PROVIDED MATERIAL:
▬▬▬▬▬▬
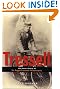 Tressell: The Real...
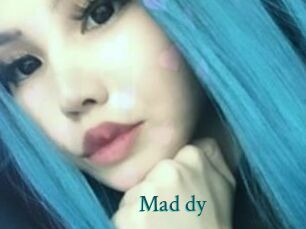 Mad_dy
▬▬▬▬▬▬
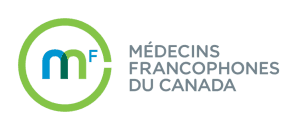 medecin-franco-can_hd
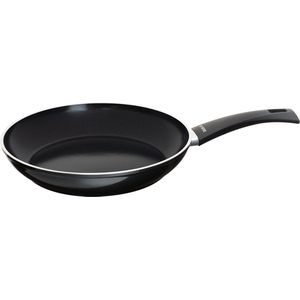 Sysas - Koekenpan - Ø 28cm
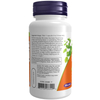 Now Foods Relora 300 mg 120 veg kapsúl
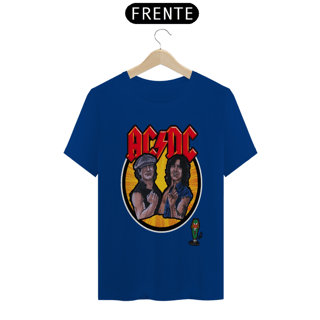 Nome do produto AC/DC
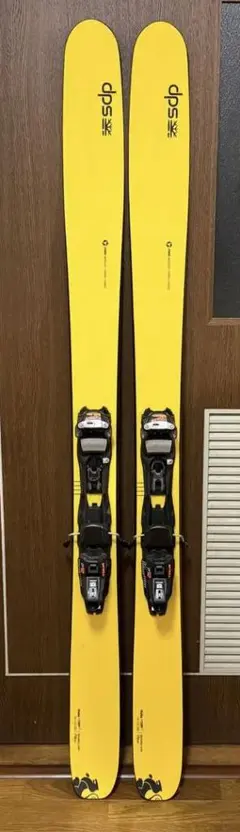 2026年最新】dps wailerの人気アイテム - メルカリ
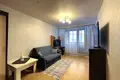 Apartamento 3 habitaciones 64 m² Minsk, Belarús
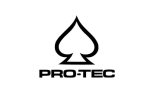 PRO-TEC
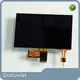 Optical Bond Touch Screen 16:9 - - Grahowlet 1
▬▬▬▬▬▬
WORK REQUIRED:
Once the line with "medecin-franco-can_hd" has been found above, output that line and every later line exactly, stopping after the line with "Optical Bond Touch", and omit the pictures.

RESPONSE TO THIS EXERCISE:
 medecin-franco-can_hd
 Sysas - Koekenpan - Ø 28cm
 Now Foods Relora 300 mg 120 veg kapsúl
 Nome do produto AC/DC
 2026年最新】dps wailerの人気アイテム - メルカリ
 Apartamento 3 habitaciones 64 m² Minsk, Belarús
 PRO-TEC
 Optical Bond Touch Screen 16:9 - - Grahowlet 1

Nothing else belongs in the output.